17. Leraned Counsel for both the parties have expressed their inability to cite any case directly in point. The Panchayat Act and the Rules of 1961 bearing on the subject are silent in this respect.Erskine May in his book on Parliamentary Practice (18th Edition) makes the following observation at page 361:
Withdrawal of notice- When a member has added his name to a notice of motion given by another member, he may subsequently withdraw his name; similarly the Member who first gave notice of a motion 'for an early day' is permitted to with draw the motion although other names have been added to it. Both forms of withdrawal are indicated ky a memorandum at the end of the Notices of Motions.
Again at page 336 the learned author observed:
A notice orally given holds good for the day on which it is given and cannot be withdrawn. It must be supplemented by a written notice handed in at the table during the same sitting, if it is to continue effective. A written notice becomes effective for purposes of the rule of anticipation only when it appears on the notice paper on the day following that on which it was handed in at the table and continues effective as long as it remains on the paper A notice cannot be withdrawn from the notice paper of the day or the current issue of the order book in the course of a sitting; but by an intimation to the Clerks at the Table it can be withdrawn from a future issue of the order book.

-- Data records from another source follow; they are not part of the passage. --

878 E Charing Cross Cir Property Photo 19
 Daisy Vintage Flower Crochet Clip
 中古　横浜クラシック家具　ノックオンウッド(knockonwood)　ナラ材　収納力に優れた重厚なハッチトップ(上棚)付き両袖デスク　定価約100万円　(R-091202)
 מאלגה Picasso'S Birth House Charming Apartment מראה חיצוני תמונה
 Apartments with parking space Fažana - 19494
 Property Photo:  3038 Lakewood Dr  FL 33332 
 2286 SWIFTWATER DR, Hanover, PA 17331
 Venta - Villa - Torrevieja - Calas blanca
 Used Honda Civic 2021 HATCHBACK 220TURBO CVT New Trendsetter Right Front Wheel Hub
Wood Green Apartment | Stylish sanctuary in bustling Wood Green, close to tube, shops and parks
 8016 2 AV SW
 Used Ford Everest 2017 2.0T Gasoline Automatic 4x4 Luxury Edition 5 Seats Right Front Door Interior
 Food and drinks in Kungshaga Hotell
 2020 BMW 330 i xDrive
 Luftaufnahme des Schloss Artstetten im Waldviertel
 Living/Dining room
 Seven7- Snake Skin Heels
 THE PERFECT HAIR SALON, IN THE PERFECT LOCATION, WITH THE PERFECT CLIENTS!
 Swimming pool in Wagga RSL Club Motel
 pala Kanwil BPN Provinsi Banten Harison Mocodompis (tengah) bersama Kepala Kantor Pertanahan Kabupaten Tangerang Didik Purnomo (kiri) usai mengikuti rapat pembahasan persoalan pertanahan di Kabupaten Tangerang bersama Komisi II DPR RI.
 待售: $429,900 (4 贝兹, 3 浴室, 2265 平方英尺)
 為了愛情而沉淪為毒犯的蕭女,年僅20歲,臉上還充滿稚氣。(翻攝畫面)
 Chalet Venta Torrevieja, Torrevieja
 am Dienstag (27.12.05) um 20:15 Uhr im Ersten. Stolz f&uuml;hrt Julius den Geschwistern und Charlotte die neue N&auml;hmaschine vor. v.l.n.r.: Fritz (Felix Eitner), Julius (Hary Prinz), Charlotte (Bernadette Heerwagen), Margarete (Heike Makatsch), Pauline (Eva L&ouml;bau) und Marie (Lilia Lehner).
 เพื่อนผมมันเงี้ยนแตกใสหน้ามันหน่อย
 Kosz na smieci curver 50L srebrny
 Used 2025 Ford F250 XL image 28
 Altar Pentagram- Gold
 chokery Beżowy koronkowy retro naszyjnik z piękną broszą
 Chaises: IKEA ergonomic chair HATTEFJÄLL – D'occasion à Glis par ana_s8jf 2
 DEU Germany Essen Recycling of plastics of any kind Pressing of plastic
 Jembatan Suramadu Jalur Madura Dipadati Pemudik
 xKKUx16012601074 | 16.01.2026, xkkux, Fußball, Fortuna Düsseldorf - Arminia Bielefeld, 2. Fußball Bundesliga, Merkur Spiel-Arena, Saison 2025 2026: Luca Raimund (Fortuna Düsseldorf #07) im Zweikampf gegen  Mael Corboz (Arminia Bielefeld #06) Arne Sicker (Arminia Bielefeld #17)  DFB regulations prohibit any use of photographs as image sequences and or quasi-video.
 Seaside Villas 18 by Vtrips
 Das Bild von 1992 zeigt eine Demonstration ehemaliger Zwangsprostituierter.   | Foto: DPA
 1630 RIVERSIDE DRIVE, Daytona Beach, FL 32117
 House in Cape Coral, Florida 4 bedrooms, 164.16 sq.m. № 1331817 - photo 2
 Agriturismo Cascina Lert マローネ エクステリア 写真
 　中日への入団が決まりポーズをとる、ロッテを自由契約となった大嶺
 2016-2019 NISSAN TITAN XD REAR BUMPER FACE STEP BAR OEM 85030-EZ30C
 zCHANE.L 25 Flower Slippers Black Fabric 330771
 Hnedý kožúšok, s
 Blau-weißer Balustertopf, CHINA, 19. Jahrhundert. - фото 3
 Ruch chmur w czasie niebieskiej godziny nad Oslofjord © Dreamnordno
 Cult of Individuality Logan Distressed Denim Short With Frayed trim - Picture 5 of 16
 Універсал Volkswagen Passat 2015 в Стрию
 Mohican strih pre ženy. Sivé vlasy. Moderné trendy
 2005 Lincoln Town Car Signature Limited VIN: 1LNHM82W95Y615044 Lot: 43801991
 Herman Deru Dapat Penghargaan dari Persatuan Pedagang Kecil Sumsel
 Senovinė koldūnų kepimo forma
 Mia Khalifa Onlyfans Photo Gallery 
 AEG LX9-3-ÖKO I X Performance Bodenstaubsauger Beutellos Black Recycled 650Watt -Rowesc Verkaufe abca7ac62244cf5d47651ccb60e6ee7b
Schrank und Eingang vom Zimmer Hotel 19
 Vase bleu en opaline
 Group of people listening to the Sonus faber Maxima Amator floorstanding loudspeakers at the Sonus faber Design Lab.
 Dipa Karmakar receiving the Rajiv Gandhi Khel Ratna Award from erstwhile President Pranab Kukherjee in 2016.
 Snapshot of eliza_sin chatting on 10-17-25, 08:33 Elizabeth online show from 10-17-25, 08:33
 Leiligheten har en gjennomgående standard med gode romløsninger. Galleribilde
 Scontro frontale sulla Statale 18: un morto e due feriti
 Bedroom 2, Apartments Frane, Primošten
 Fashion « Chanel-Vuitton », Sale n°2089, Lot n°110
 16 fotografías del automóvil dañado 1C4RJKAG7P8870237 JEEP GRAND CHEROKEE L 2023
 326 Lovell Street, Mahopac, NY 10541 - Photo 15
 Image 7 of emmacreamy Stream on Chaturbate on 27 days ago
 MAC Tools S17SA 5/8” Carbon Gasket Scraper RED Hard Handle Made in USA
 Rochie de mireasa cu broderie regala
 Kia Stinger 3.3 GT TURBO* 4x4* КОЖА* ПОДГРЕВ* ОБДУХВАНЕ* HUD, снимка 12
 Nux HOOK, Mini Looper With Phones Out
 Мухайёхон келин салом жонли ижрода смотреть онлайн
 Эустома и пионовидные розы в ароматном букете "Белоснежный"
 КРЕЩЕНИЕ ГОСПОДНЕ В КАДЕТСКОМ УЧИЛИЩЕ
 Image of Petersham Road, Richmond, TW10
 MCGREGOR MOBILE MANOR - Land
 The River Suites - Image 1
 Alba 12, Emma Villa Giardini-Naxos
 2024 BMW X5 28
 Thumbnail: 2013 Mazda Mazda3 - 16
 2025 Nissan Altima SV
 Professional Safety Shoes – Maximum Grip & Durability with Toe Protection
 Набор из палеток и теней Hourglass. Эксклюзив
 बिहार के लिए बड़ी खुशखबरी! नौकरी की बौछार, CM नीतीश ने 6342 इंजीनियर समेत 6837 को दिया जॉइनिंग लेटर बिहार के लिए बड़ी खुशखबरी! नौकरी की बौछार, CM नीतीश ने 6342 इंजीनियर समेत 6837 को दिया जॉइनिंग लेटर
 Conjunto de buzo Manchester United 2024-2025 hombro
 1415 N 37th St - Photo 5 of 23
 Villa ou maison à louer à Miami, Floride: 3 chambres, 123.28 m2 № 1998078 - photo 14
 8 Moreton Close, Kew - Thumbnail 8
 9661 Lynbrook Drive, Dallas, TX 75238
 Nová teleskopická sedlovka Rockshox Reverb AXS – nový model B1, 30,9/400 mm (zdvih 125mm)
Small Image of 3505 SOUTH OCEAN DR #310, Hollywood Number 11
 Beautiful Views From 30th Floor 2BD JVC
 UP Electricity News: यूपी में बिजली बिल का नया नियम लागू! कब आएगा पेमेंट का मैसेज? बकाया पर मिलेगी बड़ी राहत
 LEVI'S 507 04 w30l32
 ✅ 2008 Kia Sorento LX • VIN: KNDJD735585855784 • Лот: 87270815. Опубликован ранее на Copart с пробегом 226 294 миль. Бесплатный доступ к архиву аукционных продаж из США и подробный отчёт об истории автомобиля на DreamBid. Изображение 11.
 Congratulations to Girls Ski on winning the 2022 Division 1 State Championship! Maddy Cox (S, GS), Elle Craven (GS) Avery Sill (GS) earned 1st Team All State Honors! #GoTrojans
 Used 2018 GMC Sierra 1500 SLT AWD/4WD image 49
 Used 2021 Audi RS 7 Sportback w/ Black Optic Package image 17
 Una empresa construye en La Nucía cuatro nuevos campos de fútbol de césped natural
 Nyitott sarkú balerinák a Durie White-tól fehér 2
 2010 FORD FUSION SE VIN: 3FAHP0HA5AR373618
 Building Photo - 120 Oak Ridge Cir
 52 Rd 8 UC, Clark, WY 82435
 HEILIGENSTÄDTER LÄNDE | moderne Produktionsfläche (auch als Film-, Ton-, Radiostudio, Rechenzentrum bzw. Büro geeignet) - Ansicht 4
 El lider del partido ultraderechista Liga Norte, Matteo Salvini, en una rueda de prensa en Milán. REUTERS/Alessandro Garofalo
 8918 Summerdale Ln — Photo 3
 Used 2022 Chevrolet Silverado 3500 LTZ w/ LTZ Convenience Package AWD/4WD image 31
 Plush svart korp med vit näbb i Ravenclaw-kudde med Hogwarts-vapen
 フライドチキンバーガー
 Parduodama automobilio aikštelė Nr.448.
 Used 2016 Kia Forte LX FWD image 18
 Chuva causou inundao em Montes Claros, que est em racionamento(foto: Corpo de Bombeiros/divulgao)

18. In my opinion the main point for decision is when does notice become effective It cannot be withdrawn after it has become effective. The matter would have been free from difficulty if there had been any statutory Provision on the subject. In the absence of any statutory provision it would be reasonable to hold that it becomes effective only when the authority charged with final action has acted upon it. I have no doubt, in my mind, that once the notice of motion of nonconfidence has been placed in the meeting called for the purpose there can be no withdrawal of the same thereafter. The Additional District Development Officer was not at all the authority charged with final action on the motion. In fact he had no say in the matter except to call a meeting for consideration of non confidence motion. In these circumstances, I have come to the conclusion that the notice of motion of nonconfidence could be withdrawn by its author before it actually came up for consideration before the meeting called for the purpose. In the present case the notice had been given by Hajikhan alone and since he withdrew it before the date fixed for the meeting, the notice did not become effective. I am, therefore, of opinion that after the notice of motion of nonconfidence had been withdrawn by Hajikhan by his application dated 9-1-1973, there was no authority left in the Additional District Development Officer or for that matter in his delegatee the Tehsildar to place it for consideration before the meeting of the Panchayat held on 12-1-1973. In this view of the matter the proceedings of the meeting held on 12-1-1973 were invalid.
19. The, net result of the foregoing discussion is that the petitioner succeeds on the last point.
20. Consequently, I allow the writ petition, set aside the impugned orders of the Additional District Development Officer dated 29-1-1973 and 3-2-1973 and quash the proceedings of meeting held on 12-1-1973. In the circumstances of the case the parties are left to bear their own costs.